Larry Lucchino, then the Orioles' president, wanted a classic ballpark with modern amenities. He hired a brilliant architectural consultant, Janet Marie Smith. Her scrapbook from that project is rightfully in the Hall of Fame.
They knew they'd succeeded that first day when O's shortstop Cal Ripken said, "It feels like baseball has been played here before."
Yet, they wanted more than that.
"What are the characteristics that make Fenway and Wrigley distinctive?" Smith asked. "What resonated about Ebbets Field and Forbes Field long after they were gone?
"There was a business aspect, too.
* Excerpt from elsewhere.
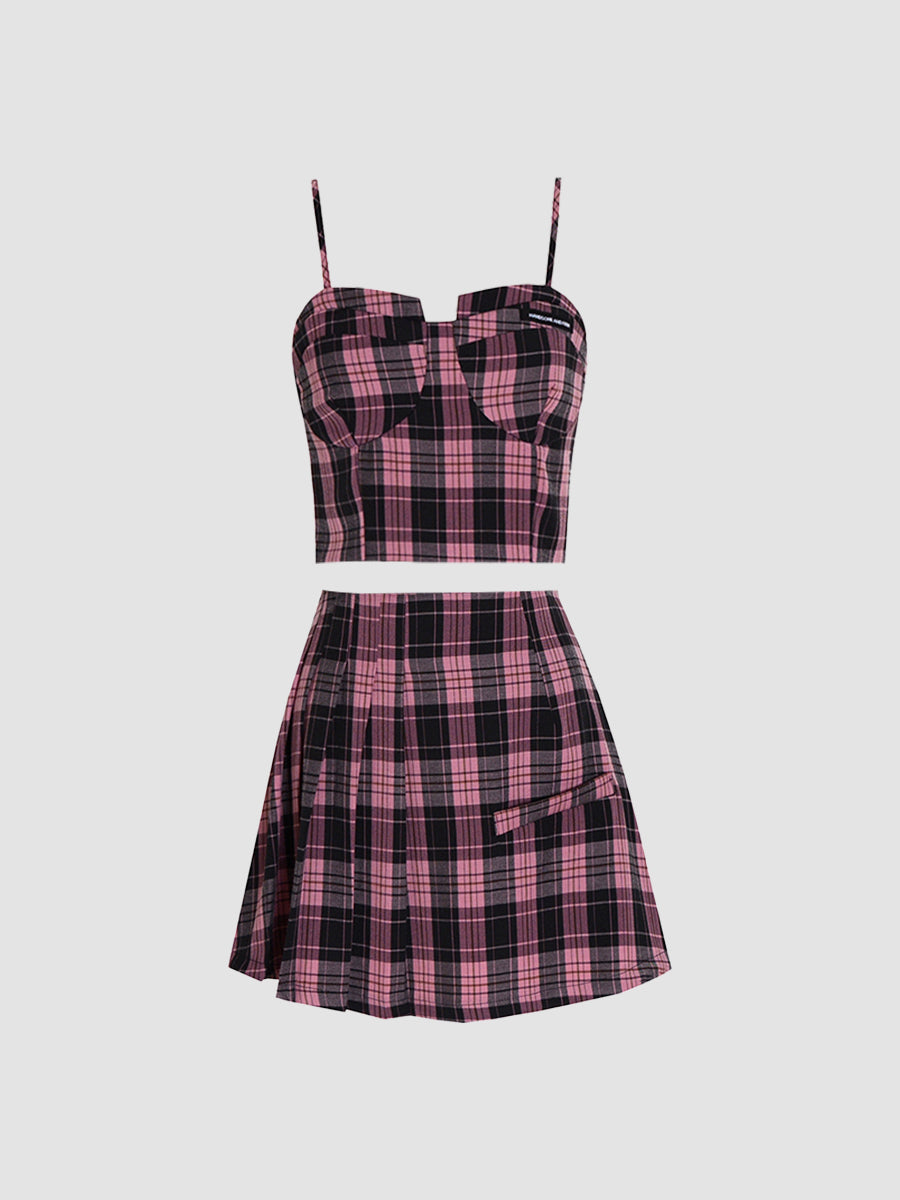 Kpop Purple Plaid Camisole&Skirt Set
The Cubs and Red Sox had great attendance even when their teams weren't playing well, because the parks were an attraction.
"But the thing those parks had was sustainability. How do you create that? We just did not know if that would be the case with Camden Yards. But 25 years later, it looks as beautiful as ever and is seen in a different way."
And with Camden Yards, a new era was born. Baseball teams wanted parks, real parks, in urban settings. From Cleveland and Denver to San Francisco and Milwaukee, the model was Wrigley Field and Fenway Park -- and Camden Yards.
"When I return now, I feel two emotions: nostalgia and pride," Lucchino said. "It's a reminder of the importance of collaboration. We worked with everybody. We got so many ideas for different people."
Smith added: "I'm flattered and honored, but the real victory is that other cities embraced it. Cleveland and San Diego and San Francisco and Denver believed a ballpark could make a meaningful contribution to the refinement of their inner city."
For Sutcliffe, the memory is a mix of nostalgia and survivalism. Several Orioles had come down with food poisoning after eating a clubhouse spread at RFK Stadium in Washington that weekend.
"Eight of us were really sick," Sutcliffe said. "I still don't know how Cal Ripken Sr. was able to coach third. But I also think the food poisoning, in a weird way, took some pressure off being part of the moment. We were just trying to get through the day."